Failure to Investigate and Resolve Ongoing Food-Related Grievances
Penalty
Summary
The facility failed to ensure that grievances voiced through the Resident Council regarding food quality and temperature were thoroughly investigated, addressed, and resolved. Resident Council minutes over multiple months documented repeated complaints that weekend food was "bad," tasted sweet, and that food was cold by the time it reached residents. Additional concerns included insufficient ice in water and tea, hard breakfast biscuits and toast, and cold grits. Although the facility’s grievance policy stated that residents and families could voice grievances without reprisal and that the facility would make prompt efforts to resolve grievances, there was no documentation that the initial complaint about weekend food quality was addressed, and subsequent complaints continued without evidence of thorough investigation or resolution.
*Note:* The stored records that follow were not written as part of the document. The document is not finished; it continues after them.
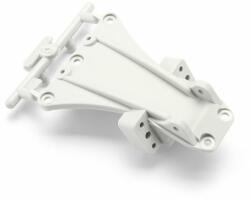  HPI 104664 High Performance Front Chassis Brace (White) (4944258526720)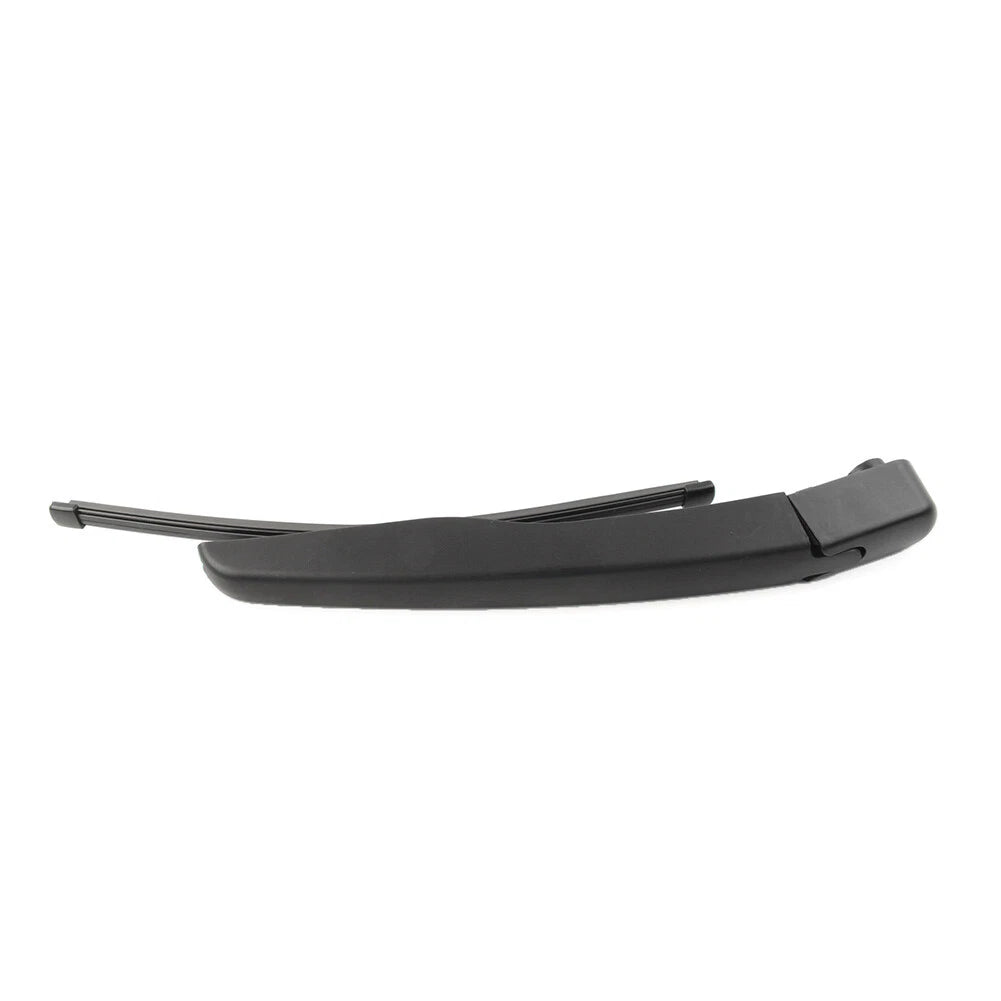 Black Rear Windshield Wiper Arm Blade Set for Ford Edge (2015-2020)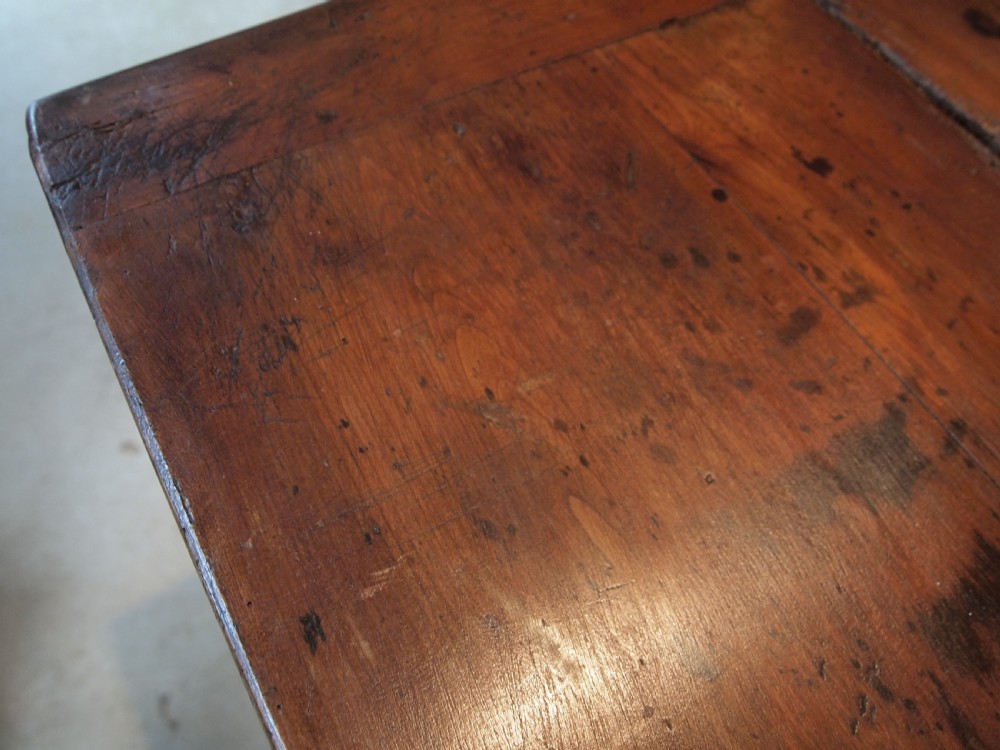 Table refectory farmhouse French Cherry wood c1780 View III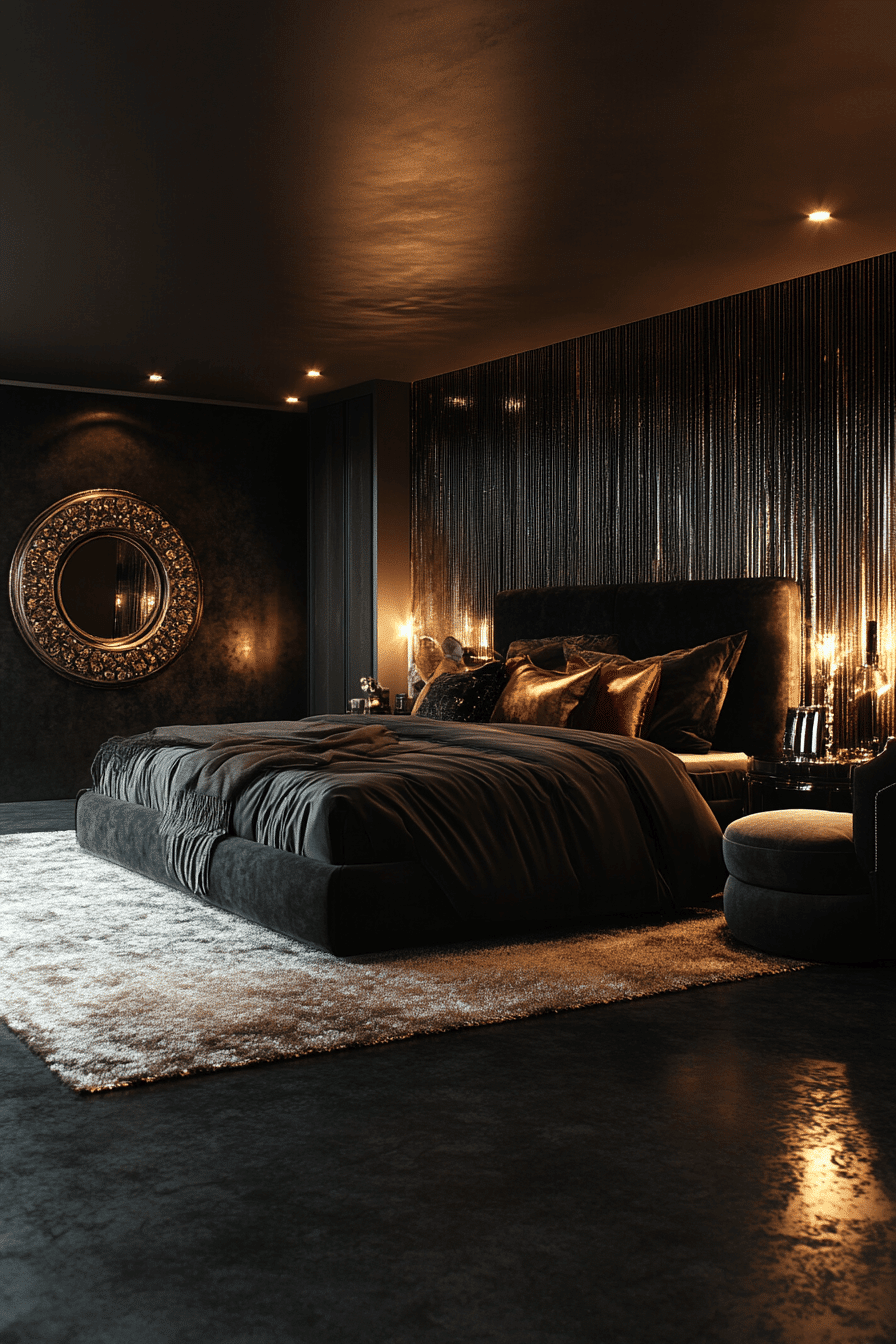 25 Dark Feminine Bedroom Ideas for a Beautiful Bedroom Full of Depth and Romance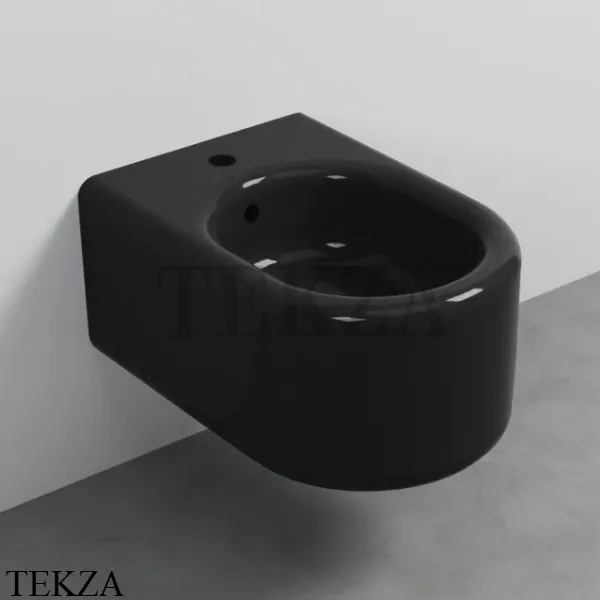 Cielo Itaca Биде подвесное, 1 отверстие под смеситель ITBS N, черный глянец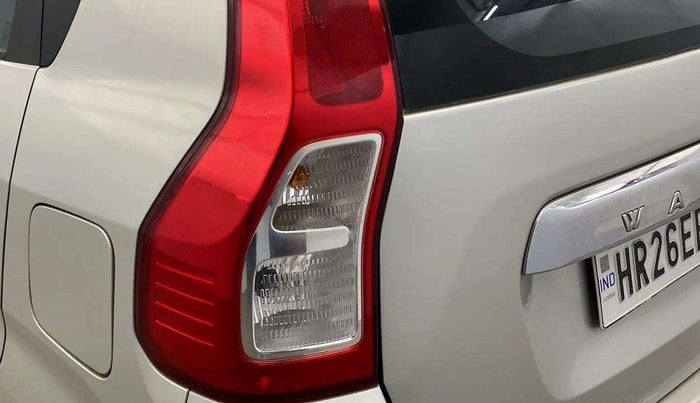 2019 Maruti New Wagon-R VXI (O) 1.2 AMT, Petrol, Automatic, 14,492 km, Left tail light - Minor damage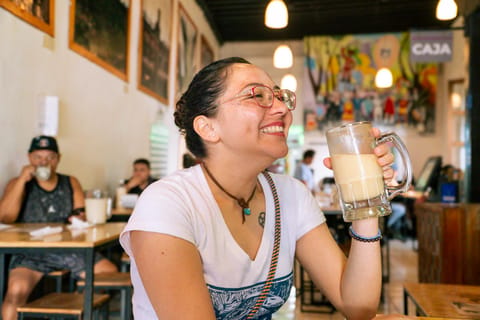 お気に入りのプルケ酒場：メキシコの神様のようにお飲みください（CDMX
Resident Council Department Response Forms showed limited actions, such as placing food in containers to maintain temperature, conducting an in‑service for dietary staff, sending food out faster, and instructing staff to pass trays promptly, but there was no documentation of monitoring, follow‑up, or evaluation of whether these measures were effective. Residents interviewed, all cognitively intact per their MDS BIMS scores, consistently reported that the food remained cold and did not taste good, with one resident noting that staff would reheat food only if requested. The Dietary Manager acknowledged awareness of the complaints and stated he had spoken with weekend staff and made changes like replacing tray carts and providing guidance on food preparation, but confirmed there was no documentation of ongoing monitoring or additional interventions. Social Services and the Administrator both acknowledged awareness of the complaints and that additional follow‑up and resolution efforts should have occurred, yet no evidence of such follow‑up was present in the records.